# Hands On Offer



## MikeHag

http://hands-oncoffeeroasters.createsend5.com/t/ViewEmail/r/0649B429E3F9F759/F1B12A3220DE7347C45D7BC1A387288D


----------



## Spazbarista

2xLusty

1xChough

Thanks Mike


----------



## Monkey_Devil

Thanks Mike!

North coast for my French press at work, a lusty gaze and a black chough







never tried these guys before so its a great opportunity to have a go. I'm straying from my safe haven of Hasbean


----------



## bobbytoad

Lusty Glaze is great in espresso and milk

has any one tried brewing drip/filter with it?


----------



## garydyke1

I took advantage of the free postage offer

1 x Lusty

1 x Black C

1 x Limited release

Cant wait


----------



## Spazbarista

Got a beautiful ristretto out of the Lusty Glaze this morning


----------



## chimpsinties

Damn it. I just saw this today. I'd have given it a go if I'd seen it yesterday.

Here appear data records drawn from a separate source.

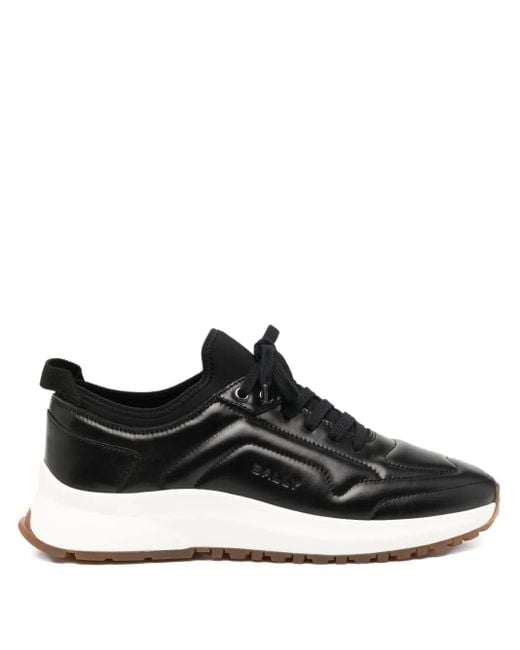 Bally Danyk Low-Top Sneakers in het Black voor heren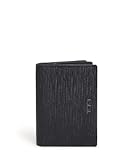 Nassau Gusseted Card Case - Card Holder Wallet for Men & Women - With ID Window - Nappa Leather Material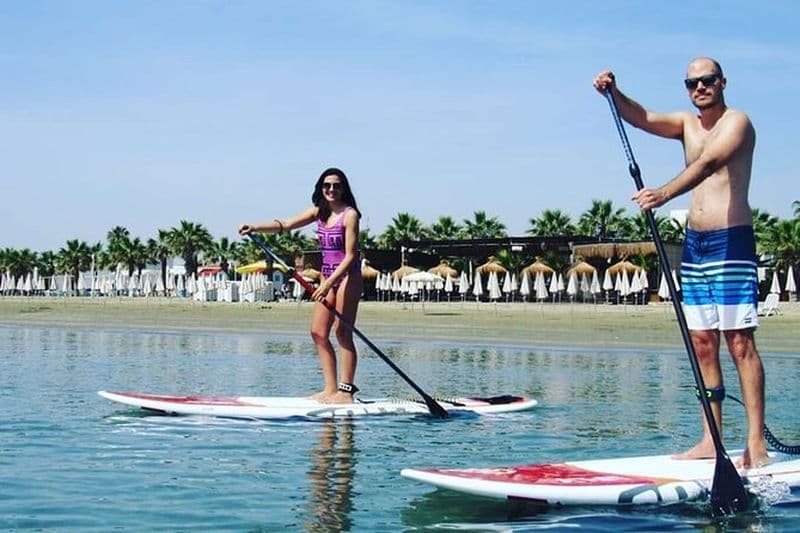 Leçon de Stand Up Paddle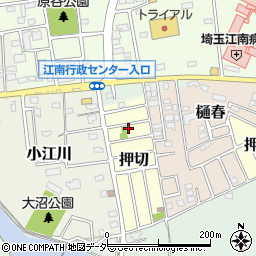 埼玉県熊谷市押切2653-37周辺の地図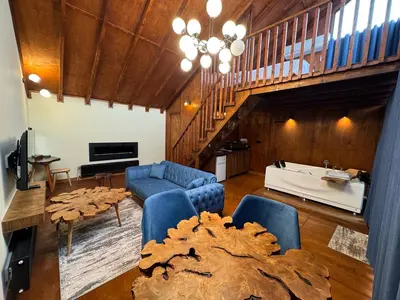 کلبه یک خوابه دوبلکس جکوزی دار آرتینا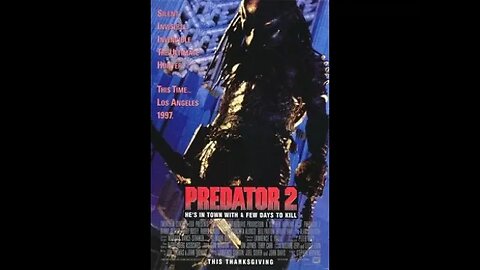 The Hunters and the Hunted - Predator 2 | 1990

I usually buy with a guy at work so we combine postage costs and it makes a couple of quid saving. I've been desperately waiting for him to finish his current batch so we can re-order.


----------



## Monkey_Devil

Just to mention I've received my beans yesterday. Very personal feeling confirmation email, very friendly. Beans arrived well packaged, but you have to store then in tuppaware or something else air tight because they're in paper bags rather than plastic. I've only tried Lusty Gaze so far. Being that I've previously always stuck with hasbean, this was unsurprisingly a little darker than I'm used to. And i really just get chocolaty nuttiness. But its tasty enough.

Looking forward to trying the other blends and will then decide whether I'm likely to reorder, but can't fault the service one bit. Definitely one to try for those who complain hasbean roasts too light.


----------



## garydyke1

Monkey_Devil said:


> Just to mention I've received my beans yesterday. Very personal feeling confirmation email, very friendly. Beans arrived well packaged, but you have to store then in tuppaware or something else air tight because they're in paper bags rather than plastic. I've only tried Lusty Gaze so far. Being that I've previously always stuck with hasbean, this was unsurprisingly a little darker than I'm used to. And i really just get chocolaty nuttiness. But its tasty enough.
> 
> Looking forward to trying the other blends and will then decide whether I'm likely to reorder, but can't fault the service one bit. Definitely one to try for those who complain hasbean roasts too light.


I store mine once opened in old Hasbean bags!


----------



## Monkey_Devil

Good thinking Batman!


----------



## stoobydale

I had the cheek to send them a sob story email stating that I was on night shift last night and missed the offer. Result, email back saying I could have some Lusty Galze, Black Chough and Sumatra Mandheling on the offer. Excellent customer service and will definitely use them again.


----------



## MikeHag

garydyke1 said:


> I store mine once opened in old Hasbean bags!


I've done a bit of that too! Do you give the bags a wash out first?


----------



## garydyke1

MikeHag said:


> I've done a bit of that too! Do you give the bags a wash out first?


I keep the Hands On stuff in its own bag, squeeze the air out and close it up...then place the whole thing inside the old hasbean bag squeeze the air out and close it up


----------



## gazbea

They really need to bring this offer back!


----------